I believe that, instead of rejecting the “leadership narrative,” if you will, we need to steal it back. We need to be more clever than our opponents. It may have taken Jack Layton seven years to become Jack Layton, but he started out as a newcomer to the federal scene – as did Harper, as did Mulcair – and I just don’t see how we can market Rae similarly.

Of course, I realize that Rae’s supporters constitute the single largest camp within the party, and I did hesitate (for four months, in fact) before writing this post, for a few reasons. I’ve always tried to steer clear of factions; even for internal positions, I tend not to endorse unless I know someone well. I assumed I would make clear my feelings about the leadership when I declared for a candidate, not before the race has begun.
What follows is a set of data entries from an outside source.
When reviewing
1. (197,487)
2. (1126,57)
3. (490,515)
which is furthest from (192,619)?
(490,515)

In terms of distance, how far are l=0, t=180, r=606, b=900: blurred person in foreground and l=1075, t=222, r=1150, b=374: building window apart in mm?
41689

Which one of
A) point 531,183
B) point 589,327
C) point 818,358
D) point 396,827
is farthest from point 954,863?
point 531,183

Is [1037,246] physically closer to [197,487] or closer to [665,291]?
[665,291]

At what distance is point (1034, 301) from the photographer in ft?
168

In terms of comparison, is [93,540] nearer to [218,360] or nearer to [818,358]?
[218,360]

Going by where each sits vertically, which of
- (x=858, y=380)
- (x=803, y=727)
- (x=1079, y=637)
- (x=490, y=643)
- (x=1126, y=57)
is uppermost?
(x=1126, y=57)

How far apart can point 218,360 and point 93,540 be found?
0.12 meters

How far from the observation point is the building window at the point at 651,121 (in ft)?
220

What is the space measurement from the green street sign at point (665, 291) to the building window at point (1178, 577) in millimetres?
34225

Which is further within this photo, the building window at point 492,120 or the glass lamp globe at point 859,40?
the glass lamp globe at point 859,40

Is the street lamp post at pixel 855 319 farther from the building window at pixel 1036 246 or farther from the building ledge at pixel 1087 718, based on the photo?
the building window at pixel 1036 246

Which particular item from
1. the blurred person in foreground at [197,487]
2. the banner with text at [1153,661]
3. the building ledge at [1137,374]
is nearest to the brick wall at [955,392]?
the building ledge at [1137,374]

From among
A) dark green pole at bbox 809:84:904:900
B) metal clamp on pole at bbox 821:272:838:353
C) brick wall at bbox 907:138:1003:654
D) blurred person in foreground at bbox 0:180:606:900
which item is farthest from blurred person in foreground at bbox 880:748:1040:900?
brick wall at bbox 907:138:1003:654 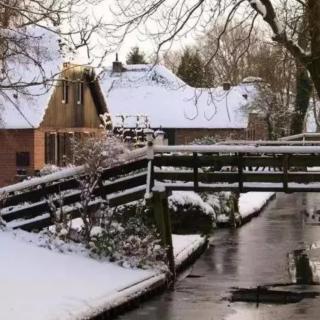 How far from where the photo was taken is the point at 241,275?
17516 millimetres

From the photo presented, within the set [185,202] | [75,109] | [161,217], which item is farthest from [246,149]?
[75,109]

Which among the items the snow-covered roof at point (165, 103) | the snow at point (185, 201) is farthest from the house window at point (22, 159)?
the snow-covered roof at point (165, 103)

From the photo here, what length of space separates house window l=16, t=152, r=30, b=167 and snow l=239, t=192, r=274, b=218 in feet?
29.5

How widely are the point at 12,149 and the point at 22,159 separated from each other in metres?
0.61

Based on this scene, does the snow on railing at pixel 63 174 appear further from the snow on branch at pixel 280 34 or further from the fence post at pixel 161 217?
the snow on branch at pixel 280 34

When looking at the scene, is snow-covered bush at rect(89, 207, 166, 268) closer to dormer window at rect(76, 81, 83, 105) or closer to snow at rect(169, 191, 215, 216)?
snow at rect(169, 191, 215, 216)

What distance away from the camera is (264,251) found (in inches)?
838

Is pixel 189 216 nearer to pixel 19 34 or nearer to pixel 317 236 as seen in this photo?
pixel 317 236

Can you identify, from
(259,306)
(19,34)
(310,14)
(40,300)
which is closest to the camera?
(40,300)

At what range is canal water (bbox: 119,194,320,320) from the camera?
13.2m

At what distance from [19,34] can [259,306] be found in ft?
20.7

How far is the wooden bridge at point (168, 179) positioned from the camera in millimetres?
16484

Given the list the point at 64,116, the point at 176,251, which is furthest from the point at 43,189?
the point at 64,116

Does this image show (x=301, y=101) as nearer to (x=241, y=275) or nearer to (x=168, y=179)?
(x=241, y=275) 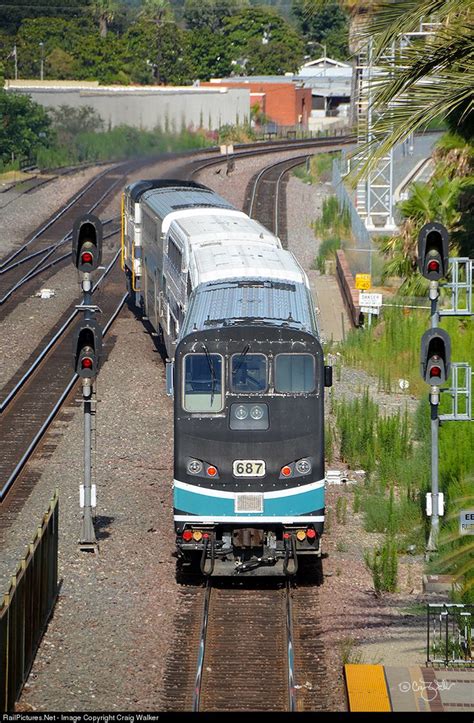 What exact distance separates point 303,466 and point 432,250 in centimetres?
322

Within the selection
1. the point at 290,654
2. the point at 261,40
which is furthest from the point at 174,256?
the point at 261,40

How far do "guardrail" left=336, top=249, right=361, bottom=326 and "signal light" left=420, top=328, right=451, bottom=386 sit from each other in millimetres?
14438

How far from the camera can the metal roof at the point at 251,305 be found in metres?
16.3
I also don’t want to make an enemy of Bob Rae or anyone who supports him. Rae got me into politics in the first place. When my old EDA hosted Rae for a fundraiser, I insisted on making the introduction (and I do have a funny story from when Rae was my prof at U of T). I like Bob Rae a lot, and if he is chosen as our next leader, I won’t defect, I won’t quit, and I won’t sit on my hands. I’m no expert, and no one can predict how election dynamics affect outcomes (cf the NDP in 2011). I’m not writing off my own party if it picks a leader who isn’t my first choice…and note that I wrote first choice.

Plus I’m in it for the long haul. I’ve thought about it, and I just don’t see myself as either a Tory or a Dipper. If those were my only options, I’d probably quit politics.

I also hesitated because I know my party’s tendency to infighting and I would be aghast if anything I said or wrote damaged the Liberal Party. But I also feel that the only alternative is to whisper conspiratorially in backrooms or be, heaven forbid, one of those “anonymous Liberal sources.” My goal is not to undermine my leader or my party. But we’re supposed to be a new, open, democratic Liberal Party. We’re the only party that allows supporters, even if I’m not sure we know yet how to engage them.

We’ve also actively rejected the notion that the next leader will be chosen “by consensus,” like Ignatieff was. There is too much risk that party members will buy into the press narrative that Rae’s leadership is inevitable and the next convention will be another coronation, not a contest; I worry that Rae is too similar to Dion and Ignatieff to fend off Conservative attacks, too well-known to appeal to moderate centre-left voters, especially in Ontario.